Tuesday, September 2, 2008

Preaching

A friend put me on to a book that is part reflection on preaching and part a commentary on 2 Corinthians. It is We Preach not Ourselves: Paul on Proclamation by Michael Knowles (Brazos, 2008), a professor of preaching at McMaster Divinity College in Hamilton, Ontario. He writes:

…to preach after the manner of Paul requires, first, that we be so convinced of Christ’s love and so uncertain of human –even religious—endeavor that we yield to the priority of interior over exterior, unseen over seen, and eternal over transient that Christ’s death and especially his resurrection exemplify. It requires that we enter into the dynamic of divinely imposed death and resurrection to such an extent that we begin to yield up our prerogatives of self-determination, social dignity, and cultural identity, and thereby become conformed to the reality of Christ, with the new life that this entails. (p.226)
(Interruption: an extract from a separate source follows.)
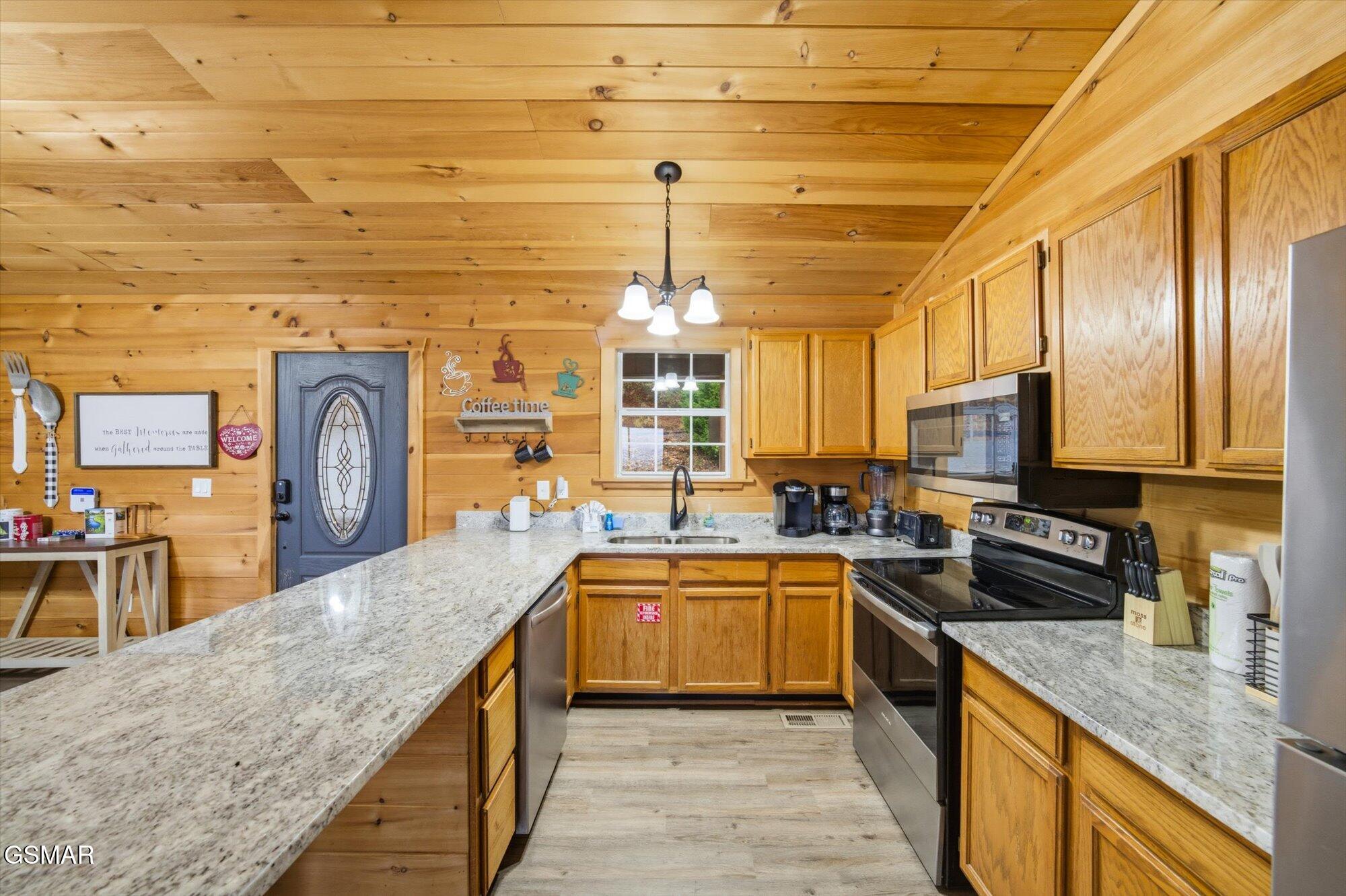 2037 Mccarter Drive Sevierville TN 37862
In a way what Knowles thinks is the task of the preacher who would proclaim the gospel with the force and balance of Paul is also the task of any Christian. I find my self left unclear as to how to achieve the kind of balance that Knowles articulates as he finds his way through the various dimensions of Christian life discussed or implied in the Corinthian correspondence. But he has left me asking again what makes a good sermon. I have long believed in preaching rather than sermons, by which I mean that I value the conversation in a community over time more than the occasional (although most enjoyable) tour de force. I am not a very good ‘visiting preacher’ as a result. Over time we can preach “ a little law and a little grace” (as I once told a parish search committee.)
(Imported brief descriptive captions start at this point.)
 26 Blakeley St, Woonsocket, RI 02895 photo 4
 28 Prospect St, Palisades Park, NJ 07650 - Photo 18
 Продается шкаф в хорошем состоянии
Everyone has heard sermons we think are good and others that we judge to be dreadful. In that sense we all place ourselves in the position of being experts and critics. It is rare that we find the high doctrine of preaching articulated by Bonheoffer at his most Germanic when he opined that the duty of one who hears a sermon is to “listen and obey.” He apparently believed that a sermon should never be discussed.

I know that I look for something that qualifies as a ‘so what?’ in a sermon and I look for something that takes me beyond the obvious meaning or straightforward reading of a text which I assume is available to me by hearing it and thinking about it for a minute of two. I don’t enjoy hearing the story re-told unless the re-telling offers me some new insight of consequence. I am suspicious of stories that are designed to move me but which bear no obvious relation to a point. I am suspicious of sermons that offer ‘four steps to a better life’ or ‘three ways to forgive those who have hurt you’ or other such staples of self help literature. It is not that I don’t appreciate the wisdom; it is rather that I’m not sure that such sermons capture or proclaim God’s liberating grace in the gospel.
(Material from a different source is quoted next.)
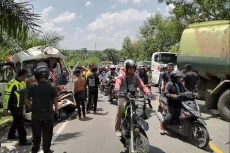 Tabrakan Maut Truk Tangki...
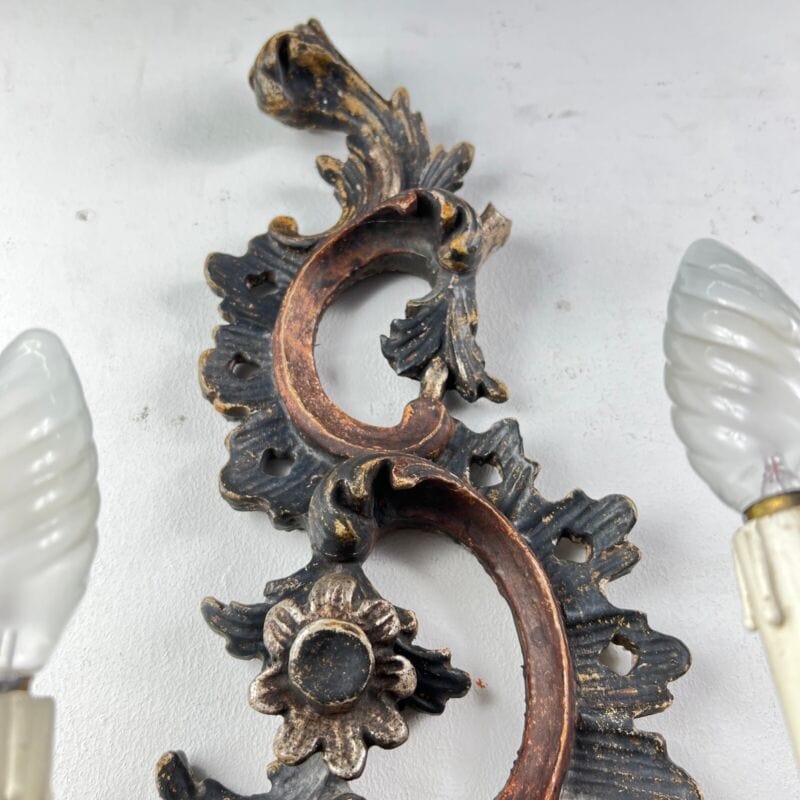 Applique stile antico fiorentino in legno scolpito lampada da parete due luci Categoria Lampade Appliques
I’d love to hear your thoughts and some conversation about what makes a good sermon in your view. If you have heard “something that sustains you through the week”, can you offer an example? If you have been challenged in a way that altered the direction of your life, what was that like? If you have heard consolation in a time of trouble, what was the content of the preaching that gave you that sense?

1 comment:

Patty said...

I appreciate your writing about preaching and sermons and asking for input. There are a variety of sermons that have meaning for me. Some of the ones I remember are the ones such as you preached about normal life--having that "extra one," your son, at dinner. How do we get through normal life, as well as tragedies and difficult times. Also, you have preached on love, and those I remember--how do we show the love of Christ to others--how do we live out our walk. What does that mean? I think those are 2 of the sermons that have stuck with me a lot. Oh, another one--I don't remember if this was a particular sermon or in many sermons--but Geoffrey's talk of relationship--what it means to have a relationship with God and a relationship with each other--community--whether it's in our church or the greater community.